Wednesday 2 June 2010

Black holes

A semantic complaint today. I'm getting irate, for reasons of pedantry, about the misuse of the term Black Hole by politicians. Mostly, it seems, Lib Dems. Nick Clegg was on the Today program this morning talking again about addressing the black hole in the public finances. Chris Huhne was talking yesterday about a black hole in the nuclear power budget.

Of course, we all know what they mean. They mean "hole". There is a great big hole in the public finances.

But a black hole has a very different meaning. Firstly - you have no idea what's going on inside. No information ever gets out. It might be true, of course, but that, surely, isn't the message that you want to send when you're trumpeting the glories of transparent government, and fiscal rectitude. You really don't want to be telling to public that you have no idea, can have no idea, and will never have an idea, of what's going on with Britain's public debt. Not a good message at all.

Also, of course, if you throw something into a black hole, the stuff disappears and the black hole gets bigger. Again, if you're talking about addressing the public debt, perhaps by raising VAT or CGT, then it really isn't the brightest message to send. Give me your money so I can throw it into the black hole, so it's lost forever and the black hole gets bigger.

It is, really, a very, very stupid metaphor, pushed by people who seem to want to make things seem even worse than they are. You can almost hear the cogs whirring "Hole in the public finances doesn't sound dramatic enough - what could be more dramatic? Hmm. Black hole. Yes. That's what." I won't, yet, extrapolate this as an indicator of their understanding of science, but, you know that I'm waiting.

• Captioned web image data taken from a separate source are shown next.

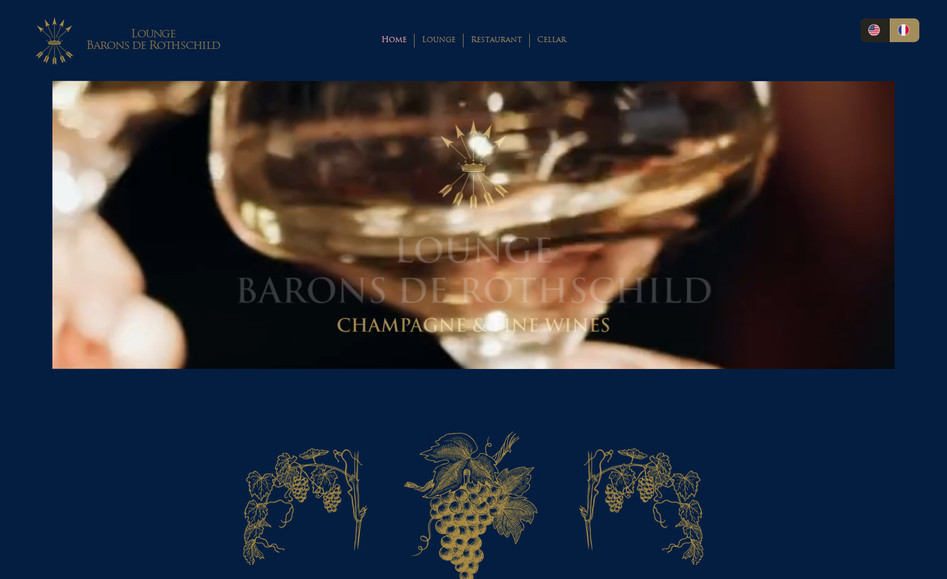 Lounge Barons: Redesigned look & feel and created conversion actions throughout the site. SEO setup and overall UX/UI revamp. 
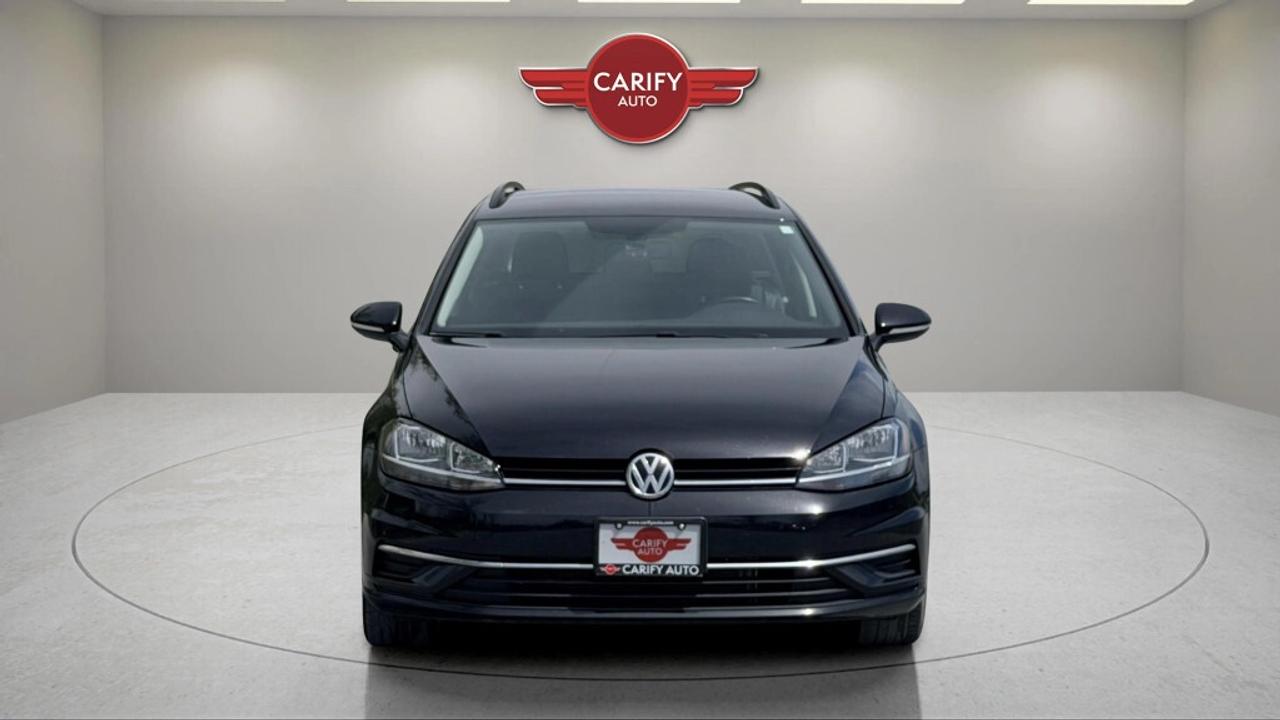 2018 Volkswagen Golf SportWagen Comfortline Manual 4MOTION Photo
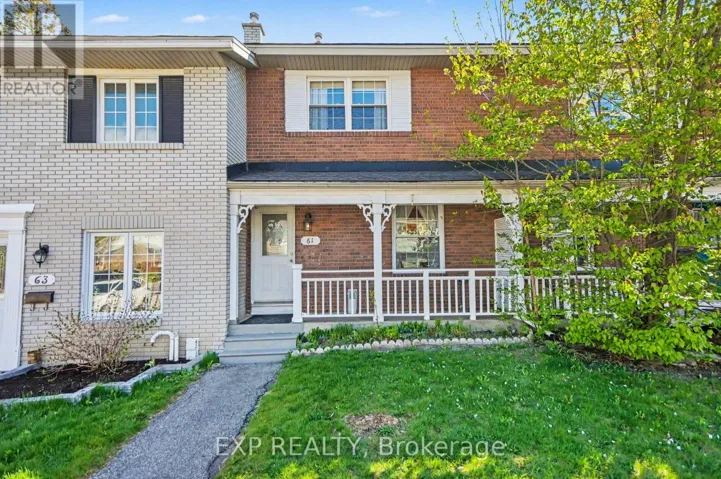 61 MONTEREY DRIVE, Ottawa, Ontario K2H7A9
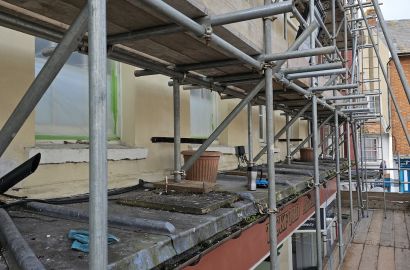 Protective Covering Applied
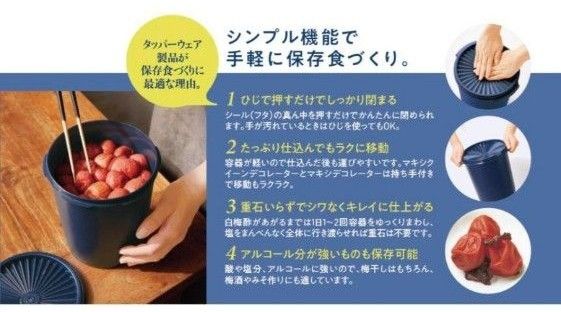 タッパーウェア 保存容器 マキシデコレーター 大小5個セット タッパーウェア 保存容器 マキシデコレーター 大小5個セット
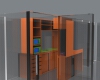 kitchen-建筑-厨房-工业CAD模型-3D城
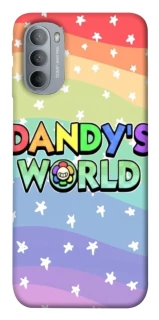 Чохол на Motorola Moto G31 Dandysworld rainbow stars фото 1 з 1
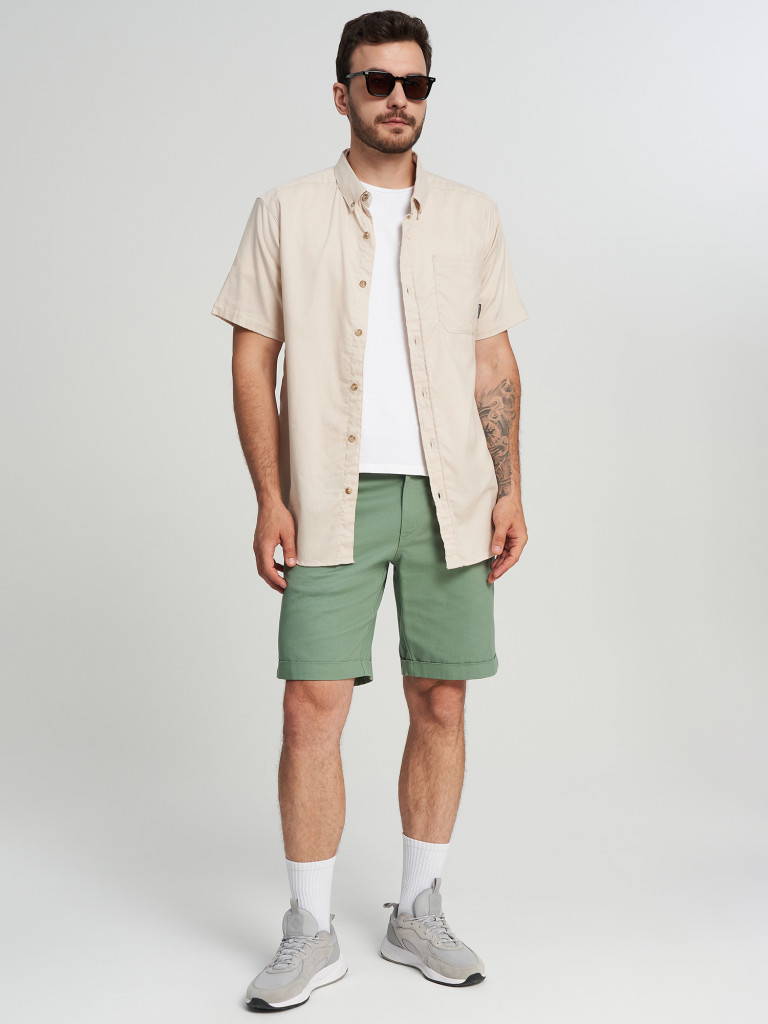 Columbia Rapid Rivers II Short Sleeve Shirt ерлер қысқа жеңді жейдесі — фото №4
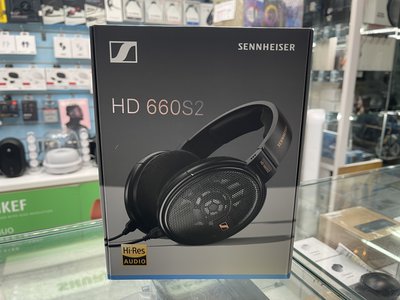 禾豐音響 加送耳機架 SENNHEISER 森海塞爾 HD 660S2 開放式耳罩式耳機 HD660 S2 宙宣公司貨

Meanwhile, on the over-egging the pudding side of things, Nick Clegg was also talking about what a tragedy it is for David Laws. Hmm. A man takes a liberal view of the rules to protect his privacy, comes a bit unstuck, keeps his job as MP, and will probably be back in government in 12 months, when until 2 months ago he presumably thought he hadn't a hope in decades of being in government. This is not a tragedy. It's slightly unfortunate. A tragedy is a couple of hundred people killed in Guatemala in a typhoon; a tragedy might be a number of people killed by illegal, arguably war-like, action from the Israelis; bus crashes, or earthquakes, or volcanoes, or suicide bombs. These bring about tragedies. A bloke being MP and still being MP after a question over parliamentary expenses is not a bloody tragedy. Get a grip.